Steinbrück benutzt dieses Scheinargument als Hilfskonstruktion, weil ihm offenbar nichts Inhaltliches einfällt. Er hat auch wenig vorzuweisen, was er denn wirklich anders machen würde. Die Frage, ob denn die SPD nicht Merkels Europa-Politik unterstütze, verneint er, um dann zu sagen: „Wir stimmen Rettungsmaßnahmen zu, weil wir das für den richtigen und verantwortlichen Kurs in unserer Europa-Politik halten“. Sehr interessant. Nur nicht alternativ.
Nach der Nominierung Steinbrücks zum Kanzlerkandidaten der SPD merkte die Linken-Vorsitzende Katja Kipping an, das sei eine Bewerbung für den Posten des Vizekanzlers. Steinbrück betonte dann mit großer Geste, er werde nur Kanzler sein oder nichts. Am 10. Januar 1947 geboren, wird er ohnehin dieser Tage 66 Jahre alt, er muss auch nichts mehr werden. In allen Umfragen aber gibt es keinen Steinbrück-Kick, der die SPD irgendwie vor die Christdemokraten führen würde. Es wird im September für Schwarz-Gelb nicht reichen, es ist nicht einmal ausgemacht, dass die FDP wieder in den Bundestag kommt, und für SPD-Grün reicht es ebenfalls nicht.

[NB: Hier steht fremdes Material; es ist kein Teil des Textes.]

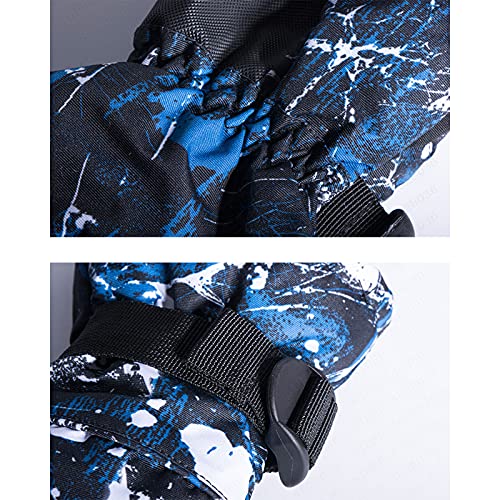 Gants de ski imperméables et gants snowboard thermique mixte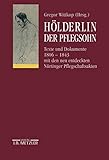 Der Pflegsohn: Texte und Dokumente 1806-1843 mit den neu entdeckten Nürtinger Pflegschaftsakten (Schriften der Hölderlin-Gesellschaft) - Friedrich Hölderlin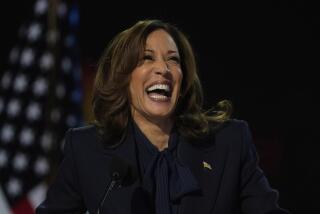 Democratic presidential nominee Vice President Kamala Harris speaks during the Democratic National Convention Thursday, Aug. 22, 2024, in Chicago. (AP Photo/Erin Hooley)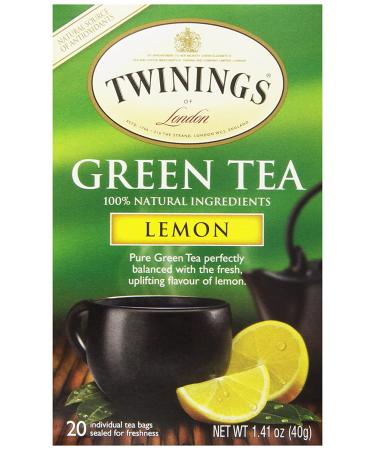 Twinings Lemon Green Tea - 20 Count | Refreshing Herbal Blend - Buy Online on SooperMarket.com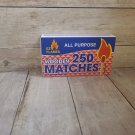 STRIKE on BOX 250 LARGE Wood Kitchen MATCHES Red Tip wood camping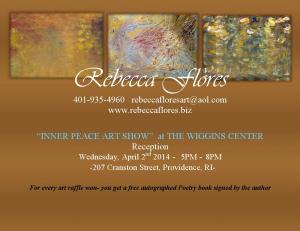 Rebecca Flores And Inner Peace Art Exhibition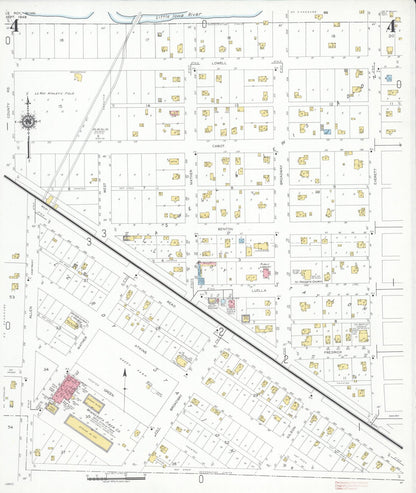 Sanborn Fire Insurance Map from Le Roy, Mower County, Minnesota (1948), Sheet #0004 - Historic Sanborn Fire Insurance Map Print, vintage old map wall art, antique decor, genealogy gift, Minnesota Minnesota map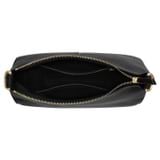 Internal product shot of the Oroton Zoey Hobo in Black and Pebble leather for Women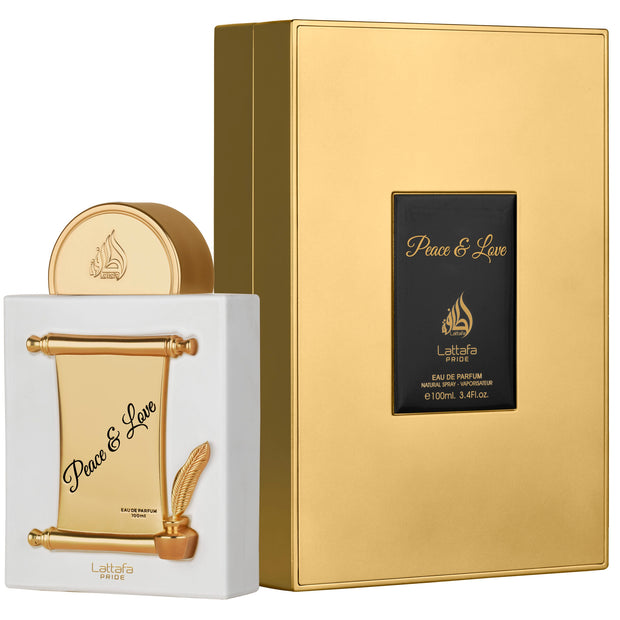 Lattafa Pride Peace & Love 3.4oz EDP for Women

Die CDU wird aller Voraussicht nach vor der SPD liegen. Damit wird Angela Merkel auch wieder die erste sein, die die Kanzlerschaft beanspruchen kann. In der SPD wartet man nach dem Abtreten von Steinbrück, der alle Verantwortung auf sich nimmt, wieder mit Frank-Walter Steinmeier als Vizekanzler-Kandidat auf – der war das ja schon einmal, unter Merkel.
Daneben aber steht Katrin Göring-Eckardt, seit der Urwahl im November 2012 eine der beiden Spitzenkandidaten der Grünen zur Bundestagswahl 2013. Sie ist nicht nur seit 2005 Vizepräsidentin des Deutschen Bundestages und seit 2009 Präses der Synode der Evangelischen Kirche in Deutschland, sie hatte in der auslaufenden DDR Theologie studiert und war in der Wendezeit 1989/1990 in der neu gegründeten Oppositionspartei „Demokratischer Aufbruch“ engagiert. Dort war damals auch Angela Merkel; die eine ging zur CDU, die andere zu den Grünen. Vielleicht kommen sie ja 2013 wieder zusammen, wenn es rechnerisch reicht. Dann heißt der Vizekanzler jedenfalls nicht notwendig Steinmeier.
Peer Steinbrück weiß das offensichtlich: Es ist eine unmögliche Mission, gegen eine aus Sicht der Herrschenden dieses Landes wie der Mehrheit der Wähler erfolgreiche Regierungschefin anzutreten. Wechselstimmung gibt es nicht. Sie lässt sich auch nicht herbeireden. Wahrscheinlich macht Steinbrück deshalb eigenartige Sprüche, die weder eine Taktik noch die Strategie eines zielorientierten Wahlkampfes sichtbar werden lassen, und gibt jetzt den Mitt Romney. Der hatte gegen Obama auch nie wirklich eine Chance.